Market Entry and Licensing Opportunities
- Collaboration with biosimilar manufacturers could alter the pricing landscape.
- Launch of combined therapies or novel formulations might impact demand and pricing.
- Geographic expansion to international markets may yield variable pricing due to local reimbursement policies.
Revenue Projections
Based on current utilization and pricing assumptions:
| Year |
Estimated Patients Treated |
Revenue (at current prices) |
Comments |
| 2023 |
2,000 |
$390 million |
Market growth, new indications |
| 2024 |
2,500 |
$620 million |
Increased adoption |
| 2025 |
3,000 |
$930 million |
Biosimilar emergence begins |
| 2026 |
3,200 |
$990 million |
Accelerated market penetration |
Risks to Projections
- Market penetration could lag due to reimbursement barriers.
- Competition from biosimilars or alternative treatments.
- Regulatory changes affecting pricing or market access.
Key Takeaways
- NDC 16571-0823 (Tafasitamab) holds a significant share in the relapsed/refractory DLBCL market.

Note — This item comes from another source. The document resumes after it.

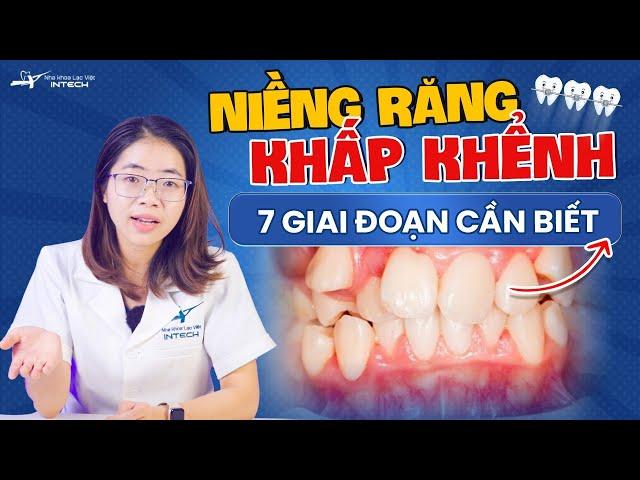 7 Giai Đoạn Niềng Răng Khấp Khểnh Phải Biết Trước Khi Chỉnh Nha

- Current average vial prices are around $9,250, with treatment costs exceeding several hundred thousand dollars per patient annually.
- Market growth hinges on evolving therapeutic options and biologic biosimilar competition.
- Price stability is expected in the short term, with potential declines in the next 4-5 years due to biosimilar development and policy dynamics.
FAQs
1. What is the primary inflow of revenue for Tafasitamab?
Revenue comes from treatment courses in relapsed/refractory DLBCL patients, mainly via hospital-based purchase agreements, with variations due to discounts and insurance negotiations.
2. How soon could biosimilar competition impact prices?
Biosimilar approvals in the U.S. typically occur 7 to 10 years after original biologic approval; with Tafasitamab approved in 2020, biosimilars may enter around 2027–2030.
3. Are there off-label uses influencing market size?
Currently, no significant off-label uses are documented, limiting off-label sales impact on the market size.
4. What are potential market entry barriers for biosimilars?
Patent protections, manufacturing complexities, and regulatory hurdles delay biosimilar entry, maintaining current price levels.
5. How do reimbursement policies affect net pricing?
Reimbursement policies and negotiated discounts significantly influence actual prices received, often lowering the list price by 50% or more.
References
[1] FDA. "Tafasitamab (Monjuvi) Label." 2020.
[2] CDC. "Lymphoma Statistics." 2022.
[3] EvaluatePharma. "Biologics Price Trends." 2023.
[4] National Cancer Institute. "Diffuse Large B-Cell Lymphoma." 2021.